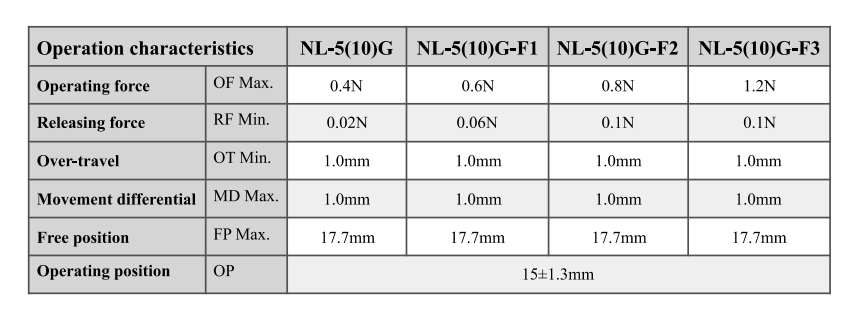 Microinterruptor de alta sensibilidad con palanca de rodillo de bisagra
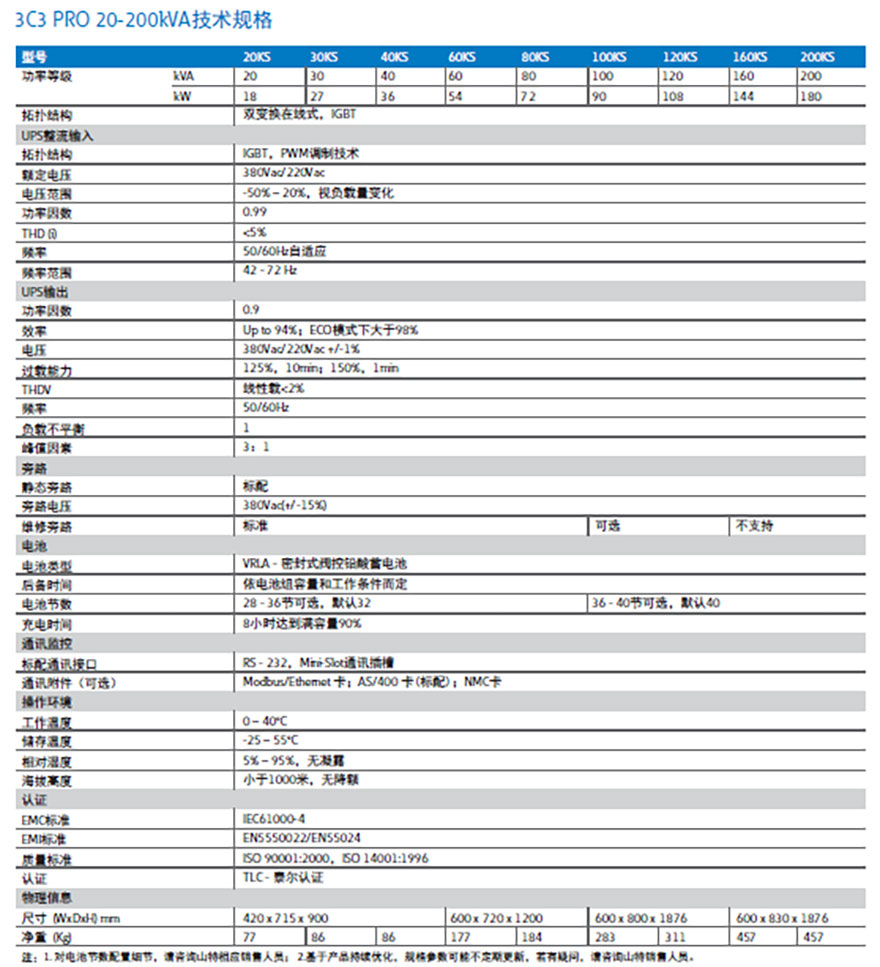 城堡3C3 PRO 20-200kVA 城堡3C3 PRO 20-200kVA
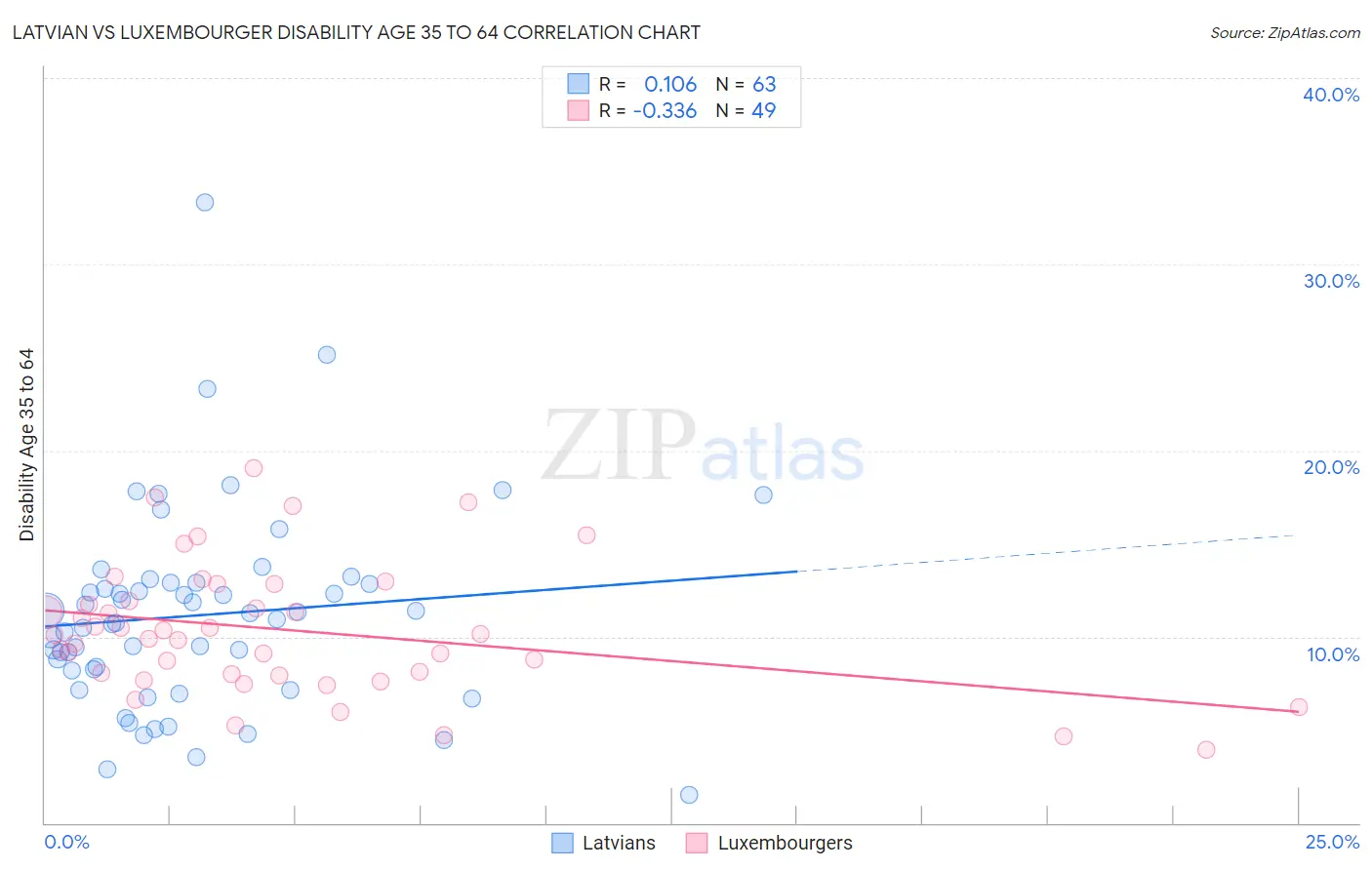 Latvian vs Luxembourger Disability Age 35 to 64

-*-*-

> [Instructions to follow]:
Type the listing above out again exactly, and omit all pictures.

> [Response]:
 Microinterruptor de alta sensibilidad con palanca de rodillo de bisagra
 城堡3C3 PRO 20-200kVA 城堡3C3 PRO 20-200kVA
 Latvian vs Luxembourger Disability Age 35 to 64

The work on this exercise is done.